*EXERCISE MATERIALS:*

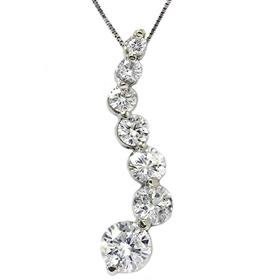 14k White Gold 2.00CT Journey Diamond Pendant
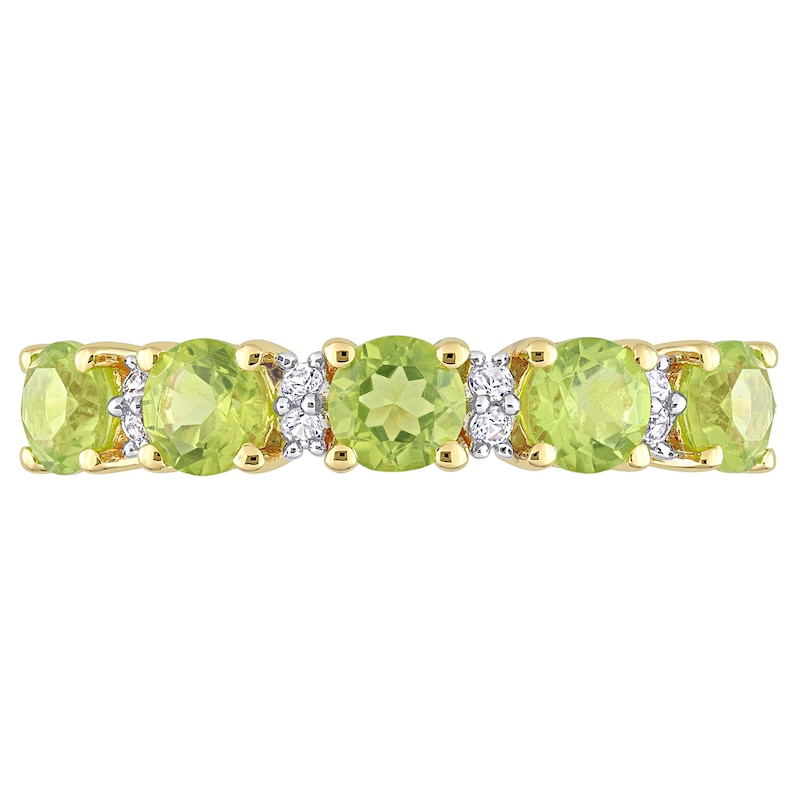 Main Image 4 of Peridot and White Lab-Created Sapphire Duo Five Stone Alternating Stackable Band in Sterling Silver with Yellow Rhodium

==

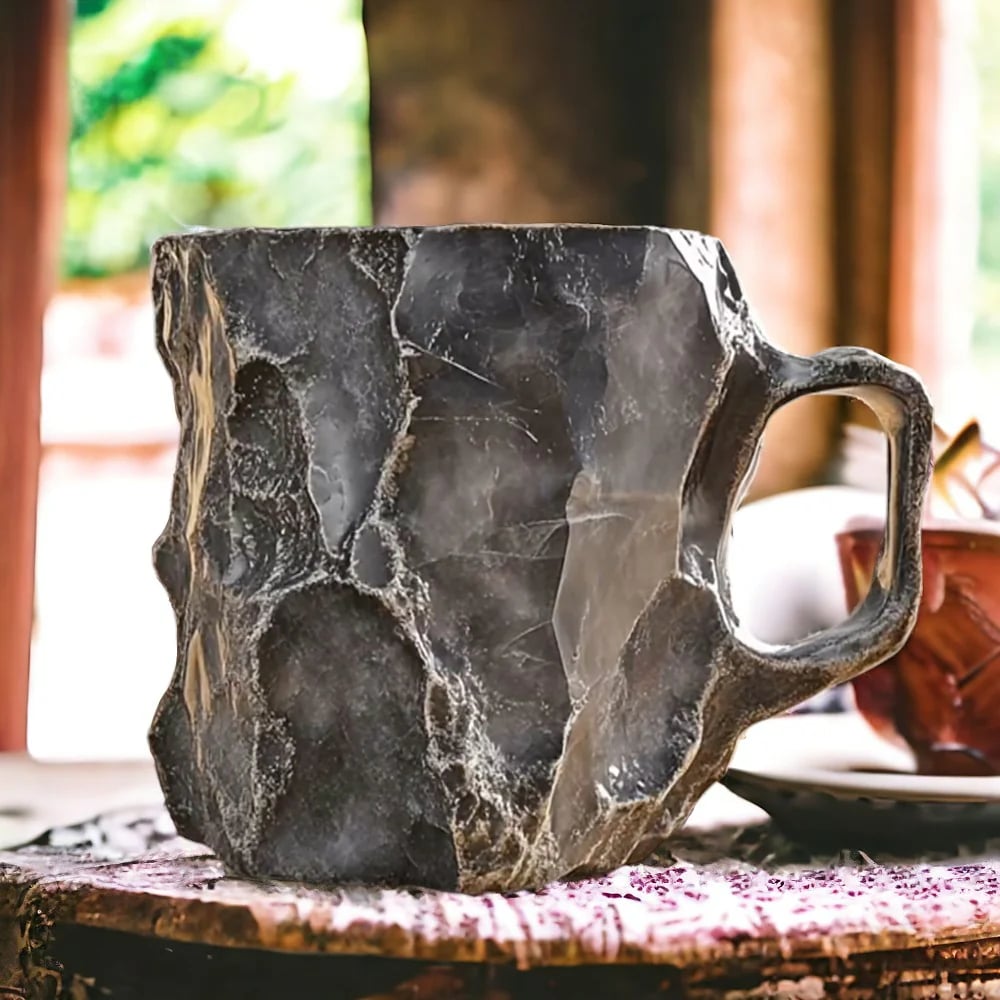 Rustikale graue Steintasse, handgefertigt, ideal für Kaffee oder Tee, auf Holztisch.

*GOAL OF THE EXERCISE:*
Transcribe, from the material above, the stretch starting at the line with "14k White Gold" and ending at the line with "Main Image 4", both included, exactly. Do not carry over pictures.

*SOLUTION BELOW:*
 14k White Gold 2.00CT Journey Diamond Pendant
 Main Image 4 of Peridot and White Lab-Created Sapphire Duo Five Stone Alternating Stackable Band in Sterling Silver with Yellow Rhodium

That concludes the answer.